Some strange things started happening when I read "Ghost Machine." I live in an apartment complex, and across the parking lot, behind a thin tree line, there is a park. I was reading "Ghost Machine" on the balcony. It was about midnight, and suddenly I heard a guy in the park doing karate moves. Of course I could not hear karate moves, but I could hear him yelling, the "Hi-ya" or whatever that accompanies the idea of compacting all energy into a body movement. It seems a little silly, but at the moment, hearing him and reading these poems, I thought that this man was capturing the essence of the book.
"Ghost Machine" is about impressions of people, not like someone meeting someone for the first time, but someone arriving to a place and still being able to feel the previous occupant. Almost like renting an apartment. Almost like buying a used car. Ben Mirov has given us poems that feel used, as if the person has left and these are scraps of his life that he forgot to take. We are looking through them, sentence by sentence, not really getting the full picture, but just enough of the picture to draw our own conclusions.
This works because the language is sparse. The lines are short. It is like fingerprints are more defined when the fingers have been placed on glass longer, but still they are just fingerprints, never the whole finger. We can imagine what the fingers look like from the fingerprints, but honestly we will never know. I can to decipher more. I can try reading these poems over and over. I can even memorize the entire book, but the meaning and pictures will still be mostly made in my mind.

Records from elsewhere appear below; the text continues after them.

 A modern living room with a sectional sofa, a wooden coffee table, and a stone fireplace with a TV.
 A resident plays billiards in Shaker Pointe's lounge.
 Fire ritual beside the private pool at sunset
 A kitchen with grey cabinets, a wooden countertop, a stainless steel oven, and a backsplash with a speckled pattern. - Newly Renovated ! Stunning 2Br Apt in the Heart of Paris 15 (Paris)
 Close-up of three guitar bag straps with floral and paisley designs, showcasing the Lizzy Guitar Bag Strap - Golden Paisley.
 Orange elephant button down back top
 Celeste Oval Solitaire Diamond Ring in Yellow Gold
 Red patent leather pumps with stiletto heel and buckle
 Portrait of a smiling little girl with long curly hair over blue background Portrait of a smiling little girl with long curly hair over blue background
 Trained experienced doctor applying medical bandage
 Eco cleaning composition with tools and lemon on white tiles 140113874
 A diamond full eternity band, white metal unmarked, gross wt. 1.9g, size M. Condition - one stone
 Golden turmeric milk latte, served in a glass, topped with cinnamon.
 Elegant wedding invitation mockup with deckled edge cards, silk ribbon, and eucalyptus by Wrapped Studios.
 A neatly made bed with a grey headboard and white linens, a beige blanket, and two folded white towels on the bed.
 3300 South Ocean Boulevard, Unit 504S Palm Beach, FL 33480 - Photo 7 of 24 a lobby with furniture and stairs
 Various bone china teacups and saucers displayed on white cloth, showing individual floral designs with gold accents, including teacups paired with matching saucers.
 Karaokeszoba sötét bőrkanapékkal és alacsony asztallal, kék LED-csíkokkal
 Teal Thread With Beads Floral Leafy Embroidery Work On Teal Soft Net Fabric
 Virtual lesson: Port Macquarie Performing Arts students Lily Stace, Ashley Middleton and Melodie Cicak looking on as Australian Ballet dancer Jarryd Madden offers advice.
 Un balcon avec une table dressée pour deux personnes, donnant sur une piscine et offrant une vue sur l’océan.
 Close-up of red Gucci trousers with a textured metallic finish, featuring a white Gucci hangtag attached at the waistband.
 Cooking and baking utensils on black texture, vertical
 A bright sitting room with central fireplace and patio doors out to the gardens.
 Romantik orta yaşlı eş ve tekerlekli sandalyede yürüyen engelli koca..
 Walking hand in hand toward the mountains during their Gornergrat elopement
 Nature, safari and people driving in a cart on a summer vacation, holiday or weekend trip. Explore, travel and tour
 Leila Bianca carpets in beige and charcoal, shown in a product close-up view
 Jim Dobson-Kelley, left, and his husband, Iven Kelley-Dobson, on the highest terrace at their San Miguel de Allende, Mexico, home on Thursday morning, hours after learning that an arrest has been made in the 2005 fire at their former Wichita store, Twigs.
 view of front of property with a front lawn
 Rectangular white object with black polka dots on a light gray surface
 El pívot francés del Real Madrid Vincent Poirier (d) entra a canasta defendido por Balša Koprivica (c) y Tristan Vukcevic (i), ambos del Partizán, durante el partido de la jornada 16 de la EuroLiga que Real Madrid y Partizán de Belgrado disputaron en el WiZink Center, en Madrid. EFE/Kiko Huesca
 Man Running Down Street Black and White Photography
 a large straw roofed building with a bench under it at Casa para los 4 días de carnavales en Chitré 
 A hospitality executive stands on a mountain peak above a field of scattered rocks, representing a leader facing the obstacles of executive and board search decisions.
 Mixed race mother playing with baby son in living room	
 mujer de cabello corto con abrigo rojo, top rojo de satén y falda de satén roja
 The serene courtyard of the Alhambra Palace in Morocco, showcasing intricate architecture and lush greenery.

I was finishing this collection tonight, on the same balcony. I was reading and a locust flew up and hit the glass balcony door. Locusts are rarely ever seen, only the shells they leave behind after they have grown. To be able to see the actual bug, to almost get nailed in the head as it drunkly flew toward the door, made me think of the best way to sum up this collection. These poems are like a shell of a locust. I know that the locust exists, but the only proof of the shell that he leaves behind.